The subject material is infused with a thrilling musicality that brings command and grasp to "Fun Home's" musical exploration of Alison's story. It is tight. It is fluid. It is probing. It is tactful. As storytellers, Kron and Tesori are sincere in their efforts filling in the memories and commentary with appropriate shading, tone, sweetness and aching harmony. Musical director Jeff Cox brings intimate detail and range to the score allowing it to soar remarkably with the shifts, mood swings, clarity and illumination dictated by its originators.
"Fun Home" stars Sarah Beth Pfeifer as Alison, Julia Nightingale as Medium Alison, Skylar Lynn Matthews as Small Alison, Aaron Lazar as Bruce, Christiane Noll as Helen, Ali Lous Bourzgui as Roy/Mark/Pete/Bobby Jeremy, Cameron Silliman as Joan, Myles Low as Christian and Sam Duncan as John.
The three Alisons - a casting coup for Ruggiero - are magnificent singers and actresses. Confident, charming and charismatic in their own right, they deftly convey the quirkiness, the innocence, the identification, the curiosity, the self-discovery and the sexual awakening of the character with shining, warm, personable realization. The vocally perfect, charismatic Lazar easily projects the image of a dominant, torn, sometimes distant father driven to suicide, a noted fact introduced early on in the proceedings. The actor also believably projects the character's pain, suffering, unvarnished truths and brooding sexuality with troubled allure. The tremendously gifted Noll sensitively delivers a haunting, stirring portrait of a mother and wife trapped by an unhappy marriage. It's a rich, angst-ridden performance, driven by exceptional acting and vocal range. Bourzgui plays all four of his roles with invested spirit and personality. Silliman nails the role of Alison's lesbian girlfriend perfectly. Low and Duncan are truly delightful as Alison's siblings.

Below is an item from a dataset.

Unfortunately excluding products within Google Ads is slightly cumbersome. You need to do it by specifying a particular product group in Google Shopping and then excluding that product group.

A moving, beautifully performed adaptation of Alison Bechdel's graphic novel, "Fun Home" is an assured, confident revival that explores sexual yearning, fantasy, coming-of-age and familial acknowledgement with a quiet elegance and grace that is refreshing, wistful and truthful.
As musical theatre, this production is textured and complex. It is observant and dignified. It is also spirited and uplifting.

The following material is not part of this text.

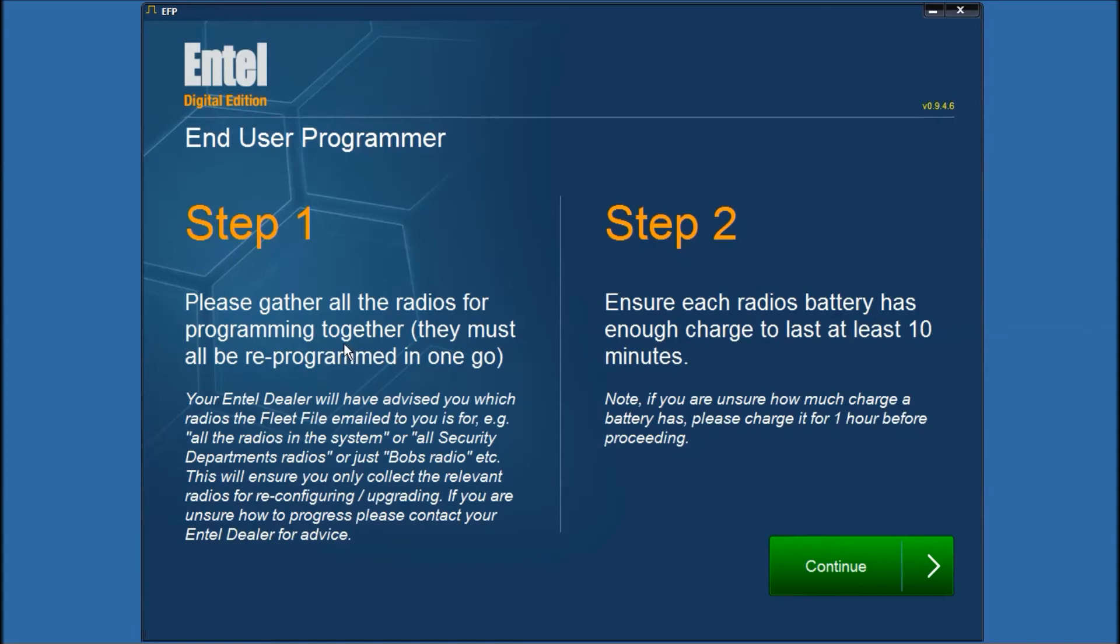First of all gather all the radios that you're going to program together. It might be one radio or it might be all radios in the fleet. Your dealer will have let you know that. Next make sure the batteries have got at least 10 minutes of charge. If you're unsure please give the batteries a charge for say an hour beforehand.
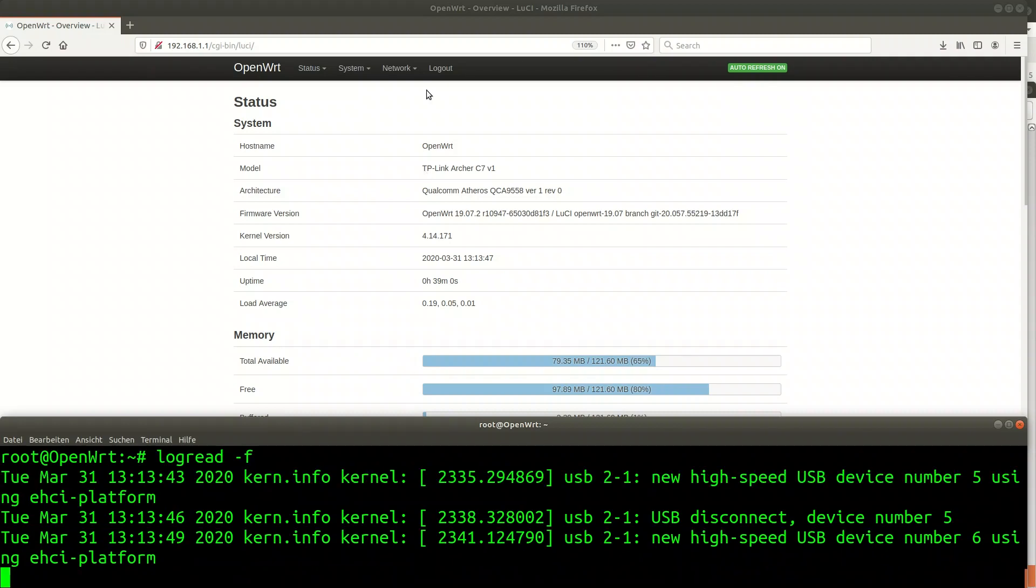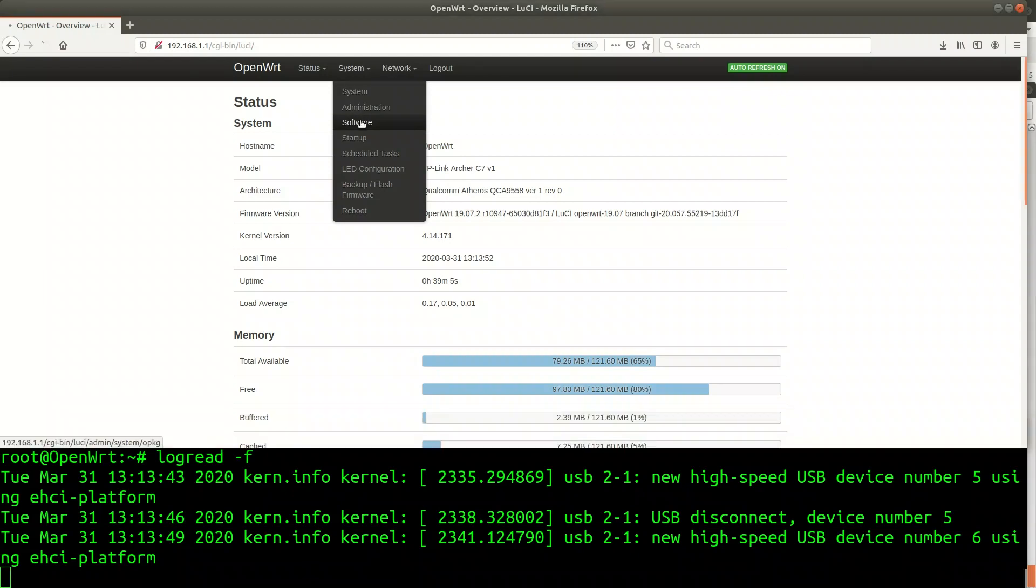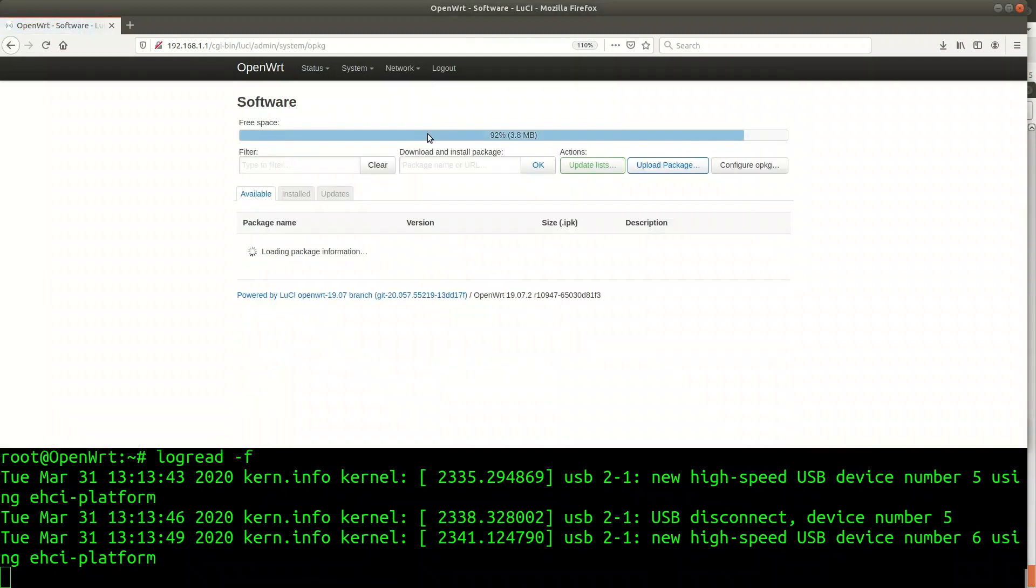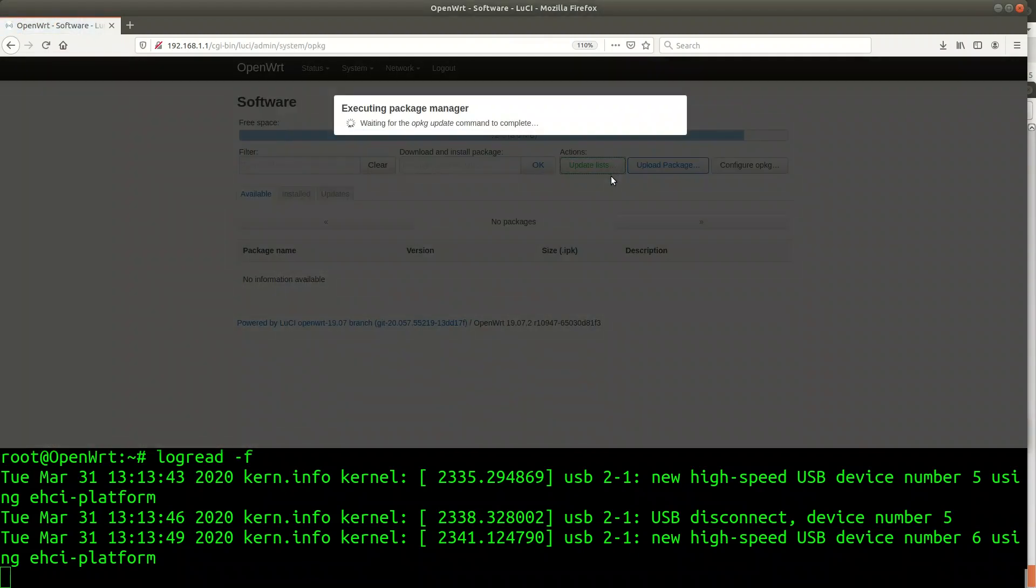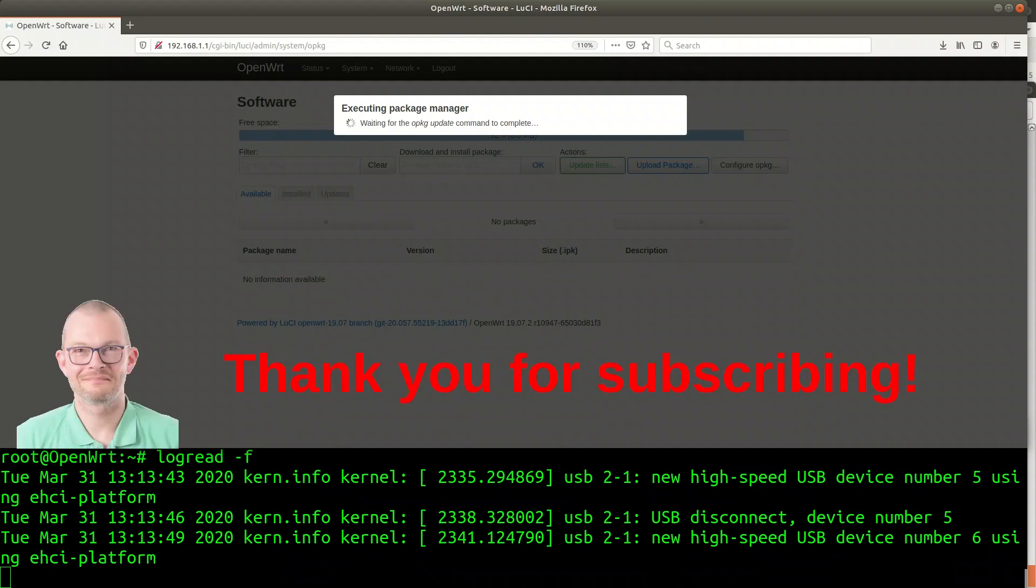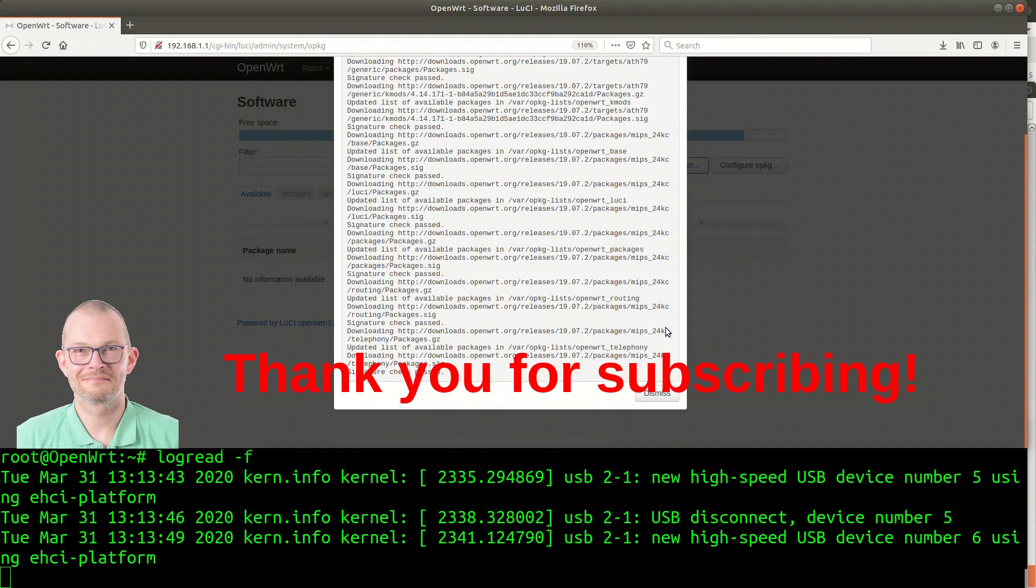Next step is to go into the software section of LUCI by clicking on system and then software. First thing should always be to update the software list. While the list updates this might be a great moment to quickly subscribe to my channel. Thank you very much.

Uncorked with a liberating, ebullient feel by director Rob Ruggiero, "Fun Home" unfolds with an exciting energy, twist and swirl that makes it even more remarkable than it already is.
The cast wonderfully embodies the reality, joy, angst and complicated openness of Bechdel's autobiographical work. And the "Fun Home" score, recreated here by musical director Jeff Cox and his six-member band is complemented by an edgy, haunting and energized feel that carefully probes the emotional meaning of each song.